X = df.drop('price', axis=1) y = df['price'] X = sm.add_constant(X)
Purpose: We have divided the dataframe into features(x) and target variable. after that, we add a constant term which is necessary for the intercept in regression models.
def elastic_net_loss(beta, X, y, alpha=0.001, l1_ratio=0.5): ... Purpose: We have defined a function name custom loss for elastic net regression . This functions helps to calculate loss based on predictions, penalities.
alphas = [0.0001, 0.001, 0.01, 0.1]
l1_ratios = [0.1, 0.5, 0.9]
best_r2 = -np.inf
...
Purpose: We loop through various combinations of regularization strengths (alpha) and L1/L2 ratios (l1_ratio) to find the best performing model based on the R-squared value. This is very important for optimizing the model's performance.
ss_total = np.sum((y - np.mean(y)) ** 2)
ss_residual = np.sum((y - predictions) ** 2)

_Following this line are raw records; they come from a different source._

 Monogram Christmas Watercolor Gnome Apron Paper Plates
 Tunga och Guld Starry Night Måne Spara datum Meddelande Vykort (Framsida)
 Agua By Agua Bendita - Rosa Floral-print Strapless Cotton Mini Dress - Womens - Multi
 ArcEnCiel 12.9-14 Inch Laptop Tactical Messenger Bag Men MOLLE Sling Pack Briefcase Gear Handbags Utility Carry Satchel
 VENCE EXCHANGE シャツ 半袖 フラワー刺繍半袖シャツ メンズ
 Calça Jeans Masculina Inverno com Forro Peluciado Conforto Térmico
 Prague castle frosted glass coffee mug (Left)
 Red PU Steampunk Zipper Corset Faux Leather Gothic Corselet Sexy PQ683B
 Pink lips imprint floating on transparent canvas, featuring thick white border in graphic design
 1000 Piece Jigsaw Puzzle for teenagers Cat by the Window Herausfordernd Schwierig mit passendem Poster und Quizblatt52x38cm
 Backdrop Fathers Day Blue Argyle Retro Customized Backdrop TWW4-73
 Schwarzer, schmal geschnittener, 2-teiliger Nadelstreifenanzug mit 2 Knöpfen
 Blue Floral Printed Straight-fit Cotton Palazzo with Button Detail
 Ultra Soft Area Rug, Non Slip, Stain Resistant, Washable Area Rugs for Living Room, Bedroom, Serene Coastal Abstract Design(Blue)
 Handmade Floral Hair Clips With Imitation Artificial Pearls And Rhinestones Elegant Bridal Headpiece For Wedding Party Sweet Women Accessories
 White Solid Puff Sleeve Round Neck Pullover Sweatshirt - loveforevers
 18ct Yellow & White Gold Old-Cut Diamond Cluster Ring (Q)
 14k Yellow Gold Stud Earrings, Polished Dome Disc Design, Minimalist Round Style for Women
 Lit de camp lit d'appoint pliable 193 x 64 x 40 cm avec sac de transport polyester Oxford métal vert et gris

r_squared = 1 - (ss_residual / ss_total)
Purpose: Here we calculate the R-squared values to evaluate the model's performance. The R-squared value indicates how well the model explains the variance in the target variable.
final_predictions = np.dot(X, best_beta) print("\nFinal Predictions:", final_predictions)
Purpose: We make predictions using the optimized model coefficients derived from the best hyperparameters.
results_df = pd.DataFrame({ 'Actual': y, 'Predicted': final_predictions })
plt.figure(figsize=(8, 6)) sns.regplot(x='Actual', y='Predicted', data=results_df, scatter_kws={'s':10}, line_kws={'color':'red'}) plt.title('Linear Regression: Actual vs. Predicted Values') plt.xlabel('Actual Prices (in Lacs)') plt.ylabel('Predicted Prices (in Lacs)') plt.show()
Purpose: We create a data frame to compare the actual and predicted values. Then we will visualize the results using a scatter plot graph with a regression line. This helps to visualize the model's performance.